Traveling on foot and by bike to avoid public transportation, Peterson took more than 400 photographs of over 200 locations in Manhattan, Brooklyn, and Queens through the spring and summer of 2020. Using his iPhone 11, he captured myriad surreal landmarks—the United Nations Secretariat with no traffic, people, or flags, Grand Central Terminal without a person or even a car in sight, as well as gelled neighborhood streets, churches, shops, and other tourist destinations.
Without people, these photos reveal the city’s primeval soul. They unveil a serene beauty most often obscured by the frenzy of our fast-paced lives. We see New York with new eyes.
The first reaction to Gregory Peterson’s poised, chilled shots of New York City is: Must be trick photography. He’s Photoshopped the people out—or else a sunny daylight in—in what must have been shots from the dead of night.

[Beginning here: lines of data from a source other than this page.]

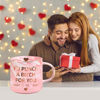 Picture of Valentines Day Gifts for Her Wife Girlfriend, Galentines Day Gifts,Christmas Birthday Gifts for Women Stocking Stuffers for Women,12 OZ Funny Coffee Mug,Mothers Day Mom Gifts for Mom from Daughter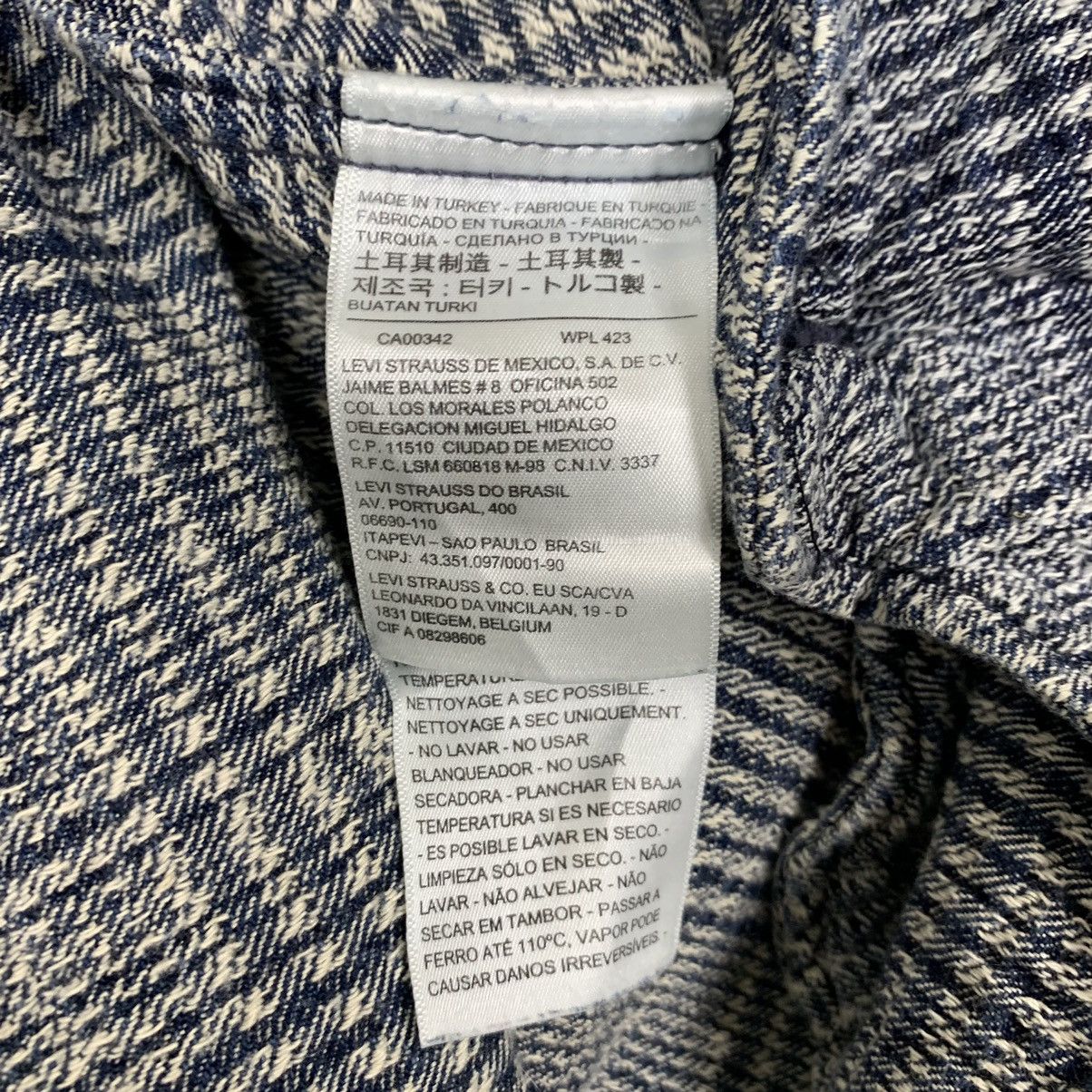 Levi's × Vintage LEVI’S Denim Long Coat Size XS / US 0-2 / IT 36-38 - 9 Thumbnail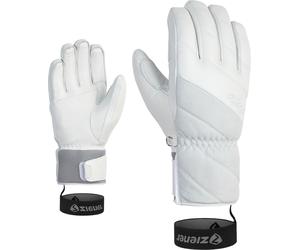 Ziener Kuma AS White 6 Guanti da sci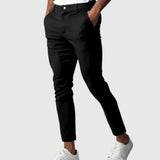 Romanek | Pantaloni Elio Stretch in Cotone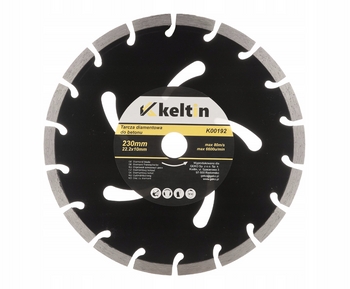 Tarcza diamentowa segmentowa 230mm betonu kostki GEKO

But no: This is the capital of the world in lockdown. One has to go to de Chirico’s imaginary metaphysical paintings of Italian cities to find such radical depopulation.
—David Cohen, editor, Artcritical.com
During the height of the lockdown, Peterson also captures the city’s response to swelling Black Lives Matter protests that shook the world after the killing of George Floyd. For the first time in living memory, midtown Manhattan and other areas were boarded up following Memorial Day due to fears of civil unrest as, documented in the chapter “Plywood New York.”
New York: Stilled Life is a comprehensive record of a unique, vanished moment; a memento of a time we all endured and how it changed us and our cities—perhaps forever.